The site today teems with grievance, recriminations and conspiracy theories. Old falsehoods, such as President Obama’s alleged foreign birth, have been renewed. And new fantasies have emerged, such as a video claiming that House Speaker Nancy Pelosi’s laptop, seized during the Capitol Hill riot, proves that leftists committed the attack and that the U.S. military, loyal to Trump, will soon deploy to quell unrest in “blue cities.”
Another CloutHub member’s offering urged Trump followers to “stand down” on Inauguration Day, lest “the media and others” use further unrest as an excuse to “ban patriots.” That touched off a furious debate, with many commenters arguing for a showdown with the left.
“We stand down and it will only get worse, it’s time for us to bring the pain!!!!!” wrote one user. Another expletive-laden post echoed “Imagine if the founders stood down!” One charged that the “left weaponized the GHETTOS against WE, THE PEOPLE” and suggested that civil rights protesters would back down “if they got the s— shot out of them but good ONCE.”
CloutHub membership terms are clear, Brain said: “You don’t threaten people with harm. You don’t threaten property. … You don’t cyberbully people. You don’t ‘cancel culture’ people.”

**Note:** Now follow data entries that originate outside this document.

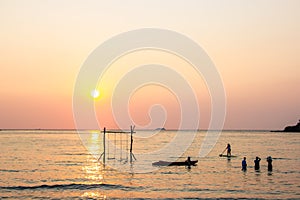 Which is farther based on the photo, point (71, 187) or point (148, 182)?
point (148, 182)

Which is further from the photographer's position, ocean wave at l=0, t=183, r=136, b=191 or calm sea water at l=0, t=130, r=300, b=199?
ocean wave at l=0, t=183, r=136, b=191

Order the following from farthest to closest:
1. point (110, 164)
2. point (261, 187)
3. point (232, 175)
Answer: point (110, 164), point (232, 175), point (261, 187)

He pledged that profane and threatening posts would be taken down as quickly as possible, asking members to help flag such violations. The site uses artificial intelligence to aid in that effort, but he acknowledged that — like many social media platforms that struggle to control hate speech and threats — CloutHub is in a “daily battle” to have moderation keep up with the sudden growth.
He vows that most CloutHub users will focus in the long run on the kind of local issues that were his métier during his days in the Valley.

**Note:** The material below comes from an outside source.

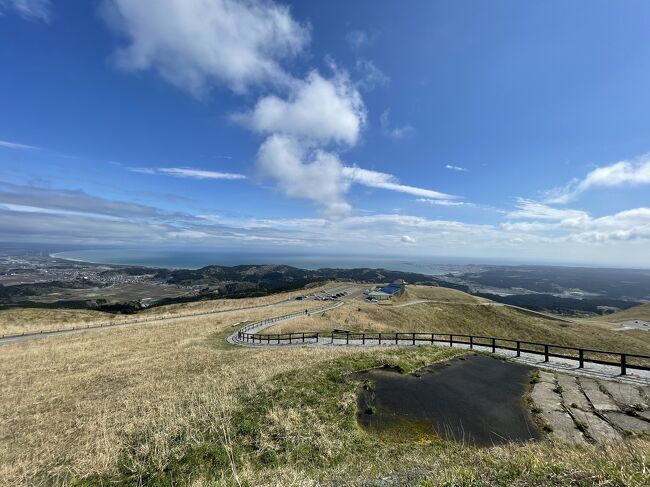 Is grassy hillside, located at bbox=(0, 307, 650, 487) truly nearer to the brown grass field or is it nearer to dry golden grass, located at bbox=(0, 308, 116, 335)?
the brown grass field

“I don’t know if my neighbors are Democrat or Republican,” Brain said. “I just know that we are about our kids getting a good education and that our community is safe. I think that is where most people are.”
Brain said his site won’t bombard users with advertising. He expects about 10% of users to one day pay for premium services, such as politicians springing for special landing pages and commentators leasing spots for video channels.
The writer Keen said he empathizes with the dilemma of a 21st century audience — damned if it stays on social media, and damned if it flees.
“We have all been so ghettoized by all of these sites,” he said. “I don’t know many people who can escape. The ones who do, then they are lonely. They feel they don’t have any kind of community at all.”